『魔王/伊坂幸太郎』 日本人の流されやすさと、政治への無関心さをシニカルに書き表した小説
「また、伊坂?」と思われる方は、スルーで😅
まったく読んだ記憶がなく、新鮮な気持ちで読み直した。
今年に入り、新装版となり表紙はライトノベル風。
Amazonで自分が注文した本をクリックしても、リンク先は出てこない。
備忘
魔王
舞台は東京。
物語は主人公安藤の一人称で進む。彼は超能力(一時的に自分の思った通りのことを近くの人に話させる)を身に付ける。
物語の終盤、安藤のそばには『死神の精度』の主人公千葉が寄り添っている。
呼吸
舞台は仙台に移り、魔王から5年後の物語。
安藤の弟、安藤潤也の妻詩織(魔王では恋人)の一人称で語られる。
安藤潤也は10個までの選択肢から必ず当たり当てる能力を身につける。
(ジャンケンは絶対勝つ、10頭立て競馬は1位を必ず当てる)
時々、亡くなった兄が憑依して無意識に語る。
ネタバレありの感想
この物語には伊坂幸太郎が得意とする、伏線とその回収が無い。
話が終盤に近づくにつれて徐々に増してくる、スピード感も感じられない。
物語の関連性では備忘に書いたとおり、死神千葉が出てくる。このあとに発刊された「モダンタイムス」は「呼吸」から50年後の世界で安藤潤也・詩織夫婦が登場するらしい。

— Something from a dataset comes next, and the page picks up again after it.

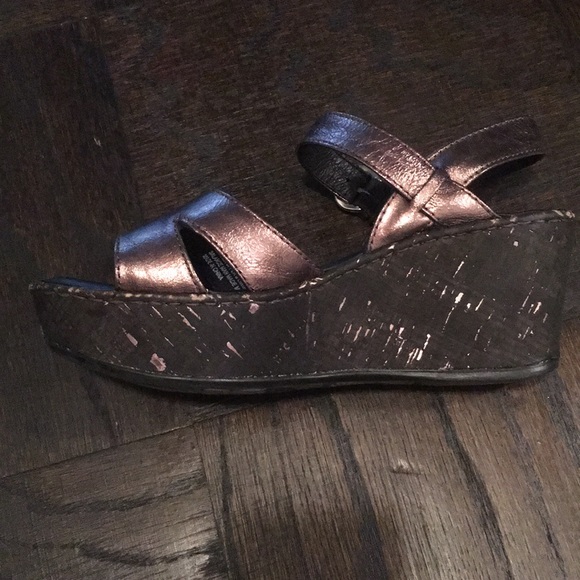 Born platform pewter sandals. Worn twice. - Picture 3 of 8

2005年に発刊された小説だが、登場人物が語る日本の政治と世相の、どうしようもない感じは2023年現在とよく似ている。
登場人物たちが、オフィスや居酒屋で日本の政治の話をするシーンの多いところが、彼の小説としては異色。物語の中でファシズム政党が与党になり憲法9条改訂の国民投票をするところで物語は終わる。
あとがきで『この物語の中には、ファイズムや憲法、国民投票などが出てきますが、それらはテーマではなく、そういったことに関する特定のメッセージも含んでいません』と、わざわざ断り書きをしており、それは理解できるが、その物語の前提となる「日本政治のだらしなさ」「国民の政治への無関心さ」への批判は読み取ることが出来る。
世の中が二極分化しながら、その場の雰囲気で一気にファシズムへ向かう様子はありそうな話。
太平洋戦争がそうであり、以降、国民の政治に対する意識が高まったとは思えない。
ファシズム政党党首(「呼吸」では首相)を含め、その思想のコンセプトとして宮沢賢治の詩集を語らせる意味が、私にはよく分からなかった。
(引用される語句の意味は分かるが「なぜ宮沢賢治?」)
次は
伊坂幸太郎氏本来の面白みが少ない小説だが、登場人物が続く「モダンタイムス」は、購入済みなので読み始めている。
購入してから随分経ち、相変わらず内容を忘れている。
「魔王」が、思想的内容も含んでいる小説なので、物語以外本人の声も知りたくなる。日頃は読まないエッセイ集も購入した。